Edit /etc/cluster/ccr/infrastructure and change node names as you want. For example, change srv01 to server01 and srv02 to server02.

If necessary, change the Solaris node name:

Command echo
echo server01 > /etc/nodename 

Regenerate the checksum for the infrastructure file:

Command ccradm
/usr/cluster/lib/sc/ccradm -i /etc/cluster/ccr/infrastructure -o 

Shut down Sun Cluster and boot both nodes:

Command cluster
cluster shutdown -g 0 -y ok boot 

7.8 Can't switch an RG from one node to another

I had a problem switching a RG on a Solaris 10u7 with Sun Cluster 3.2u2 (installed patches : 126107-33, 137104-02, 142293-01, 141445-09) because. In fact the Zpool ressource didn't want to mount on another node. When I loeked at the logs, I saw :

le volume ZFS ne voulait pas se monter. dans le fichier "/var/adm/messages" je voyais ce message lors d'un montage de RG :

Configuration File /var/adm/messages
Dec 16 15:34:30 LD-TLH-SRV-PRD-3 zfs: [ID 427000 kern.warning] WARNING: pool 'ulprod-ld_mysql' could not be loaded as it was last accessed by another system (host: LD-TLH-SRV-PRD-2 hostid: 0x27812152). See: http://www.sun.com/msg/ZFS-8000-EY

In fact, it's a bug and it could be bypassed by putting the RG offline :

Command clrg
clrg offline <RG_name>

Then manually mount and umount the zpool :

Command zpool
zpool import <zpool_name>
zpool export <zpool_name>

Now put the RG online :

Command clrg
clrg online -n <node_name> <rg_name>

If the problem still occur, look in the logs files and if there is somethings like this :

Configuration File /var/adm/messages
Aug 17 22:23:28 minipardus SC[,SUNW.HAStoragePlus:8,clstorage,zfspool,hastorageplus_prenet_start]: [ID 148650 daemon.notice] Started searching for devices in '/dev/dsk' to find the importable pools.
Aug 17 22:23:35 minipardus SC[,SUNW.HAStoragePlus:8,clstorage,zfspool,hastorageplus_prenet_start]: [ID 547433 daemon.notice] Completed searching the devices in '/dev/dsk' to find the importable pools.
Aug 17 22:23:35 minipardus SC[,SUNW.HAStoragePlus:8,clstorage,zfspool,hastorageplus_prenet_start]: [ID 471757 daemon.error] cannot import pool 'qnap' : ''''/var/cluster/run/HAStoragePlus/zfs' is not a valid directory'''
Aug 17 22:23:35 minipardus SC[,SUNW.HAStoragePlus:8,clstorage,zfspool,hastorageplus_prenet_start]: [ID 117328 daemon.error] The pool 'qnap' failed to import and populate cachefile.
Aug 17 22:23:35 minipardus SC[,SUNW.HAStoragePlus:8,clstorage,zfspool,hastorageplus_prenet_start]: [ID 292307 daemon.error] Failed to import:qnap

If it's the case, it's apparently corrected with sun cluster 3.2u3.
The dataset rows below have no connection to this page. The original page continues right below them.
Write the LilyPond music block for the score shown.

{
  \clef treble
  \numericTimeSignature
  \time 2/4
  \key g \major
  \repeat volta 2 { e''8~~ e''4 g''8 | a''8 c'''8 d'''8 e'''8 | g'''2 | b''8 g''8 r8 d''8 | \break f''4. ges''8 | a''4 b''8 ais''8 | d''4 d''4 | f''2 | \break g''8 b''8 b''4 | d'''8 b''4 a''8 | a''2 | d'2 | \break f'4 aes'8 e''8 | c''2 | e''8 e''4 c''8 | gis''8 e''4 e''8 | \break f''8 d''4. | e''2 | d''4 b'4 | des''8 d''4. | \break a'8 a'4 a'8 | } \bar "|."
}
To avoid installing this update create this folder '/var/cluster/run/HAStoragePlus/zfs' :

Command mkdir
mkdir -p /var/cluster/run/HAStoragePlus/zfs

Check if file "/etc/cluster/eventlog/eventlog.conf" contain line "EC_zfs - - - /usr/cluster/lib/sc/events/zpool_cachefile_plugin.so".
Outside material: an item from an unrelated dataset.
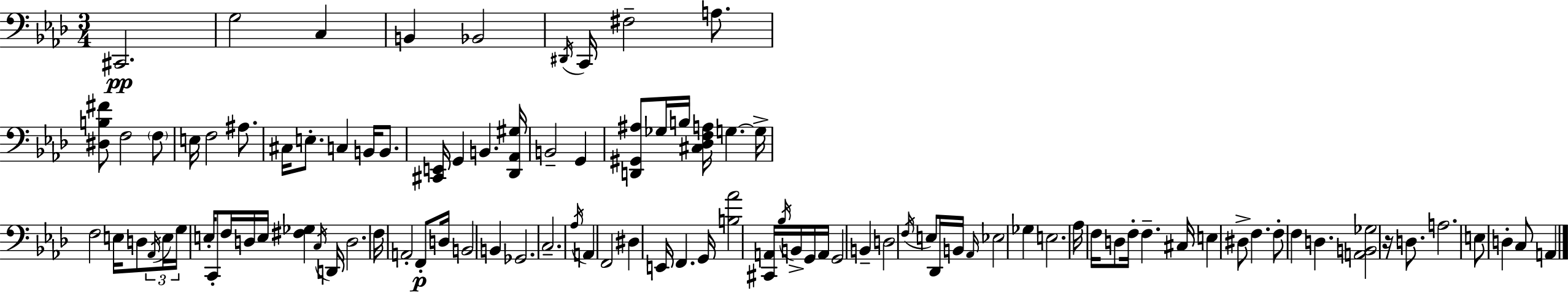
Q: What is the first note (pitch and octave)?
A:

If it's not the case, the content should looks like :

Configuration File /etc/cluster/eventlog/eventlog.conf
 
# Class         Subclass        Vendor  Publisher       Plugin location                         Plugin parameters
 
EC_Cluster      -               -       -               /usr/cluster/lib/sc/events/default_plugin.so
EC_Cluster      -               -       gds             /usr/cluster/lib/sc/events/gds_plugin.so
EC_Cluster      -               -       -               /usr/cluster/lib/sc/events/commandlog_plugin.so
EC_zfs          -               -       -               /usr/cluster/lib/sc/events/zpool_cachefile_plugin.so

Now mount the RG where you want, it should works.

7.9 Cluster is unavailable when a node crash on a 2 nodes cluster

Two types of problems can arise from cluster partitions: split brain and amnesia. Split brain occurs when the cluster interconnect between Solaris hosts is lost and the cluster becomes partitioned into subclusters, and each subcluster believes that it is the only partition. A subcluster that is not aware of the other subclusters could cause a conflict in shared resources, such as duplicate network addresses and data corruption.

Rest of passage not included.